== RECORD SET

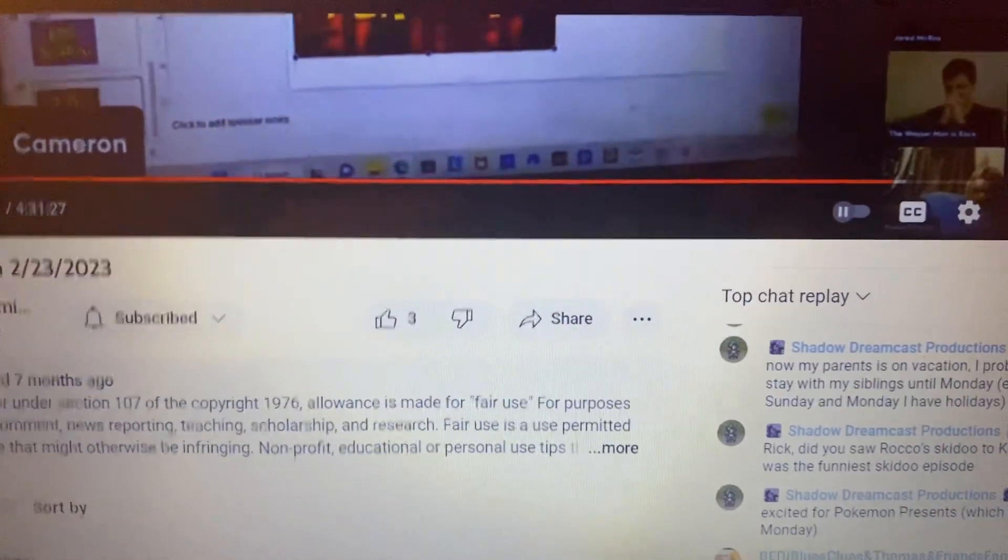Earlier this year, I appeared on Rick's streaming channel on February 23rd of this year, and when I saw someone put A Pal for Gary on his top 20 worst SpongeBob episodes in his opinion, I knew that A Pal for Gary would be number one based on my reaction that you see here.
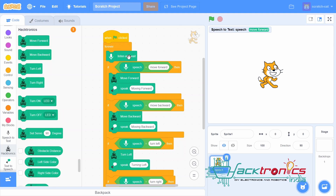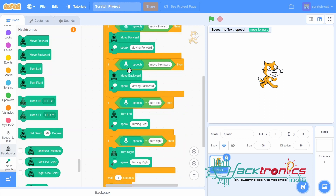In this loop, first we listen and wait. Once a token is read from the speech, we check whether the speech that has been read is equal to 'move forward.' Then we move forward and create a voice from this text that will speak 'moving forward.' Similarly, when the recognized speech token is 'move backward,' then we move backward and speak 'moving backward.'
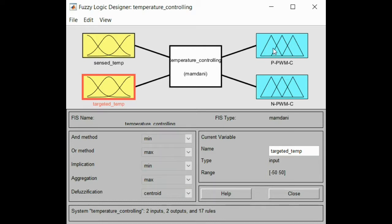We have two outputs. The first one is positive PWM controlling, which means the positive pulse width modulation controlling, and negative PWM controlling, which will be the negative pulse width modulation controlling. The positive PWM controlling is the actuator that will work in order to raise the temperature in our application. The negative one will be the actuator used to decrease the temperature — like ventilation — and the other one will be the heater. These two outputs will be actuated based on comparing inputs taken from the user interface and from the sensor.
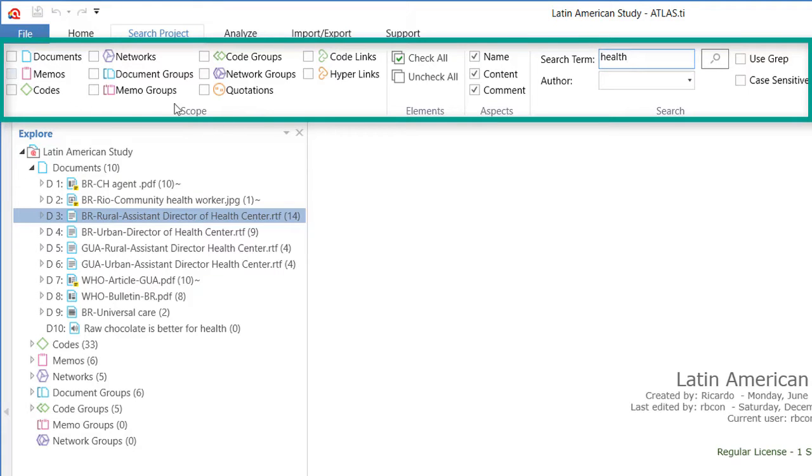By default, all of the objects of the project are selected. Let me uncheck them all so that we start from the very beginning. And let me go to search term and let me select health. And I will tell Atlas.ti I look for health in documents, in memos.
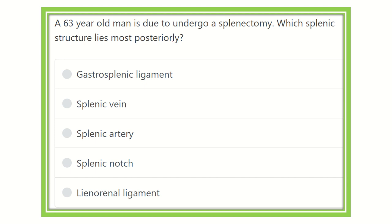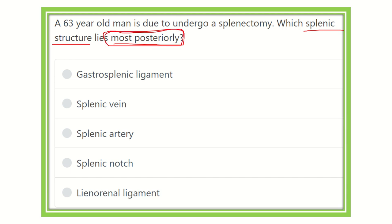This is a direct short question: which splenic structure lies most posteriorly, meaning which structure is present in the posterior part? The options are: gastrosplenic ligament, splenic vein, splenic artery, splenic hilum, and lienorenal ligament. We have to find out which option lies most posteriorly, closest to the ribs.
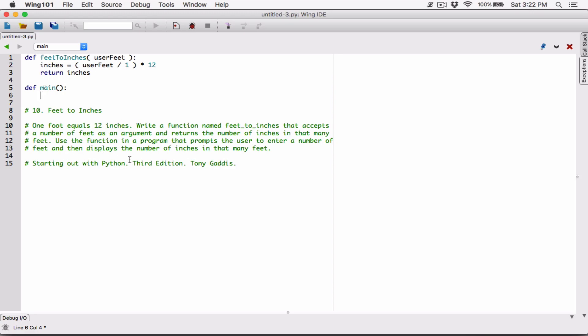In main, we're going to write the program to use the function. We'll ask the user to enter a number of feet using the input function, with the prompt: 'Please enter the number of feet.' The input function displays this message and allows the user to type something. Whatever the user types is returned as a string — even if it's a number.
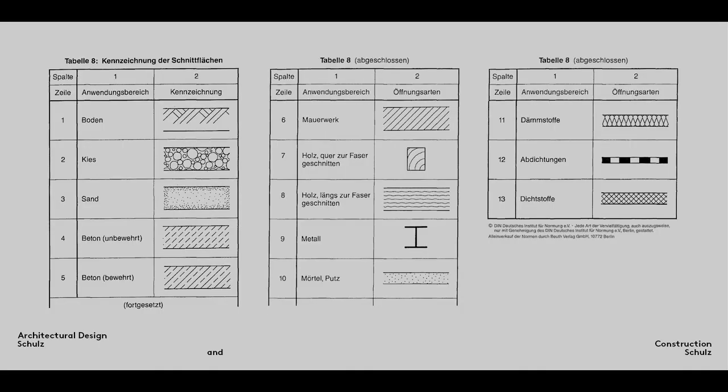Hatching indicates the material from which a construction element is made. A wall drawn using two thick parallel lines provides no information as to the material, brickwork or concrete for example, from which it is to be built. DIN 1356-1 Table 8 specifies the type of hatching to be used for each material. Alongside the components of the building shell, it also indicates the hatching to be used for facade and fit out elements. Hatching is very important in making a construction drawing easy to read.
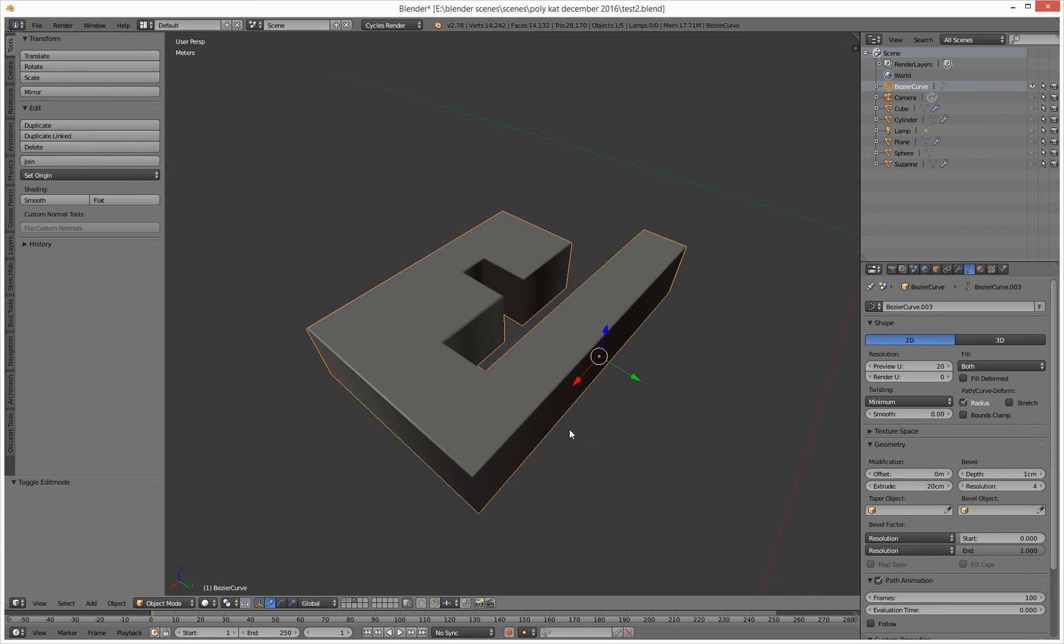And that is that. That is how to turn a 2D shape into a 3D object and extrude it as well, and give it a bit of a bevel. That is that. See you in a bit.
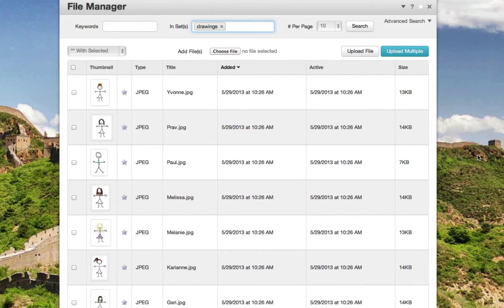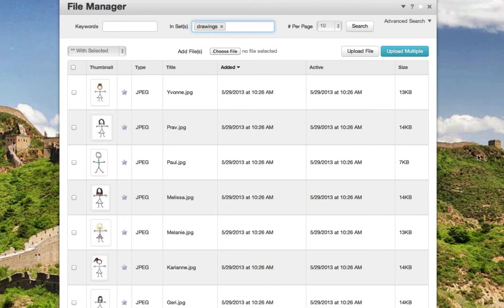Keeping files within file sets is also vitally important when using things like the slideshow block and other different types of content to display only those files within a certain file set. This will be explained in a later video.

====

Reproduce the data above line for line, from its first line through the line containing "In this loop, first", both ends included, with the pictures omitted and nothing more.

Earlier this year, I appeared on Rick's streaming channel on February 23rd of this year, and when I saw someone put A Pal for Gary on his top 20 worst SpongeBob episodes in his opinion, I knew that A Pal for Gary would be number one based on my reaction that you see here.
In this loop, first we listen and wait. Once a token is read from the speech, we check whether the speech that has been read is equal to 'move forward.' Then we move forward and create a voice from this text that will speak 'moving forward.' Similarly, when the recognized speech token is 'move backward,' then we move backward and speak 'moving backward.'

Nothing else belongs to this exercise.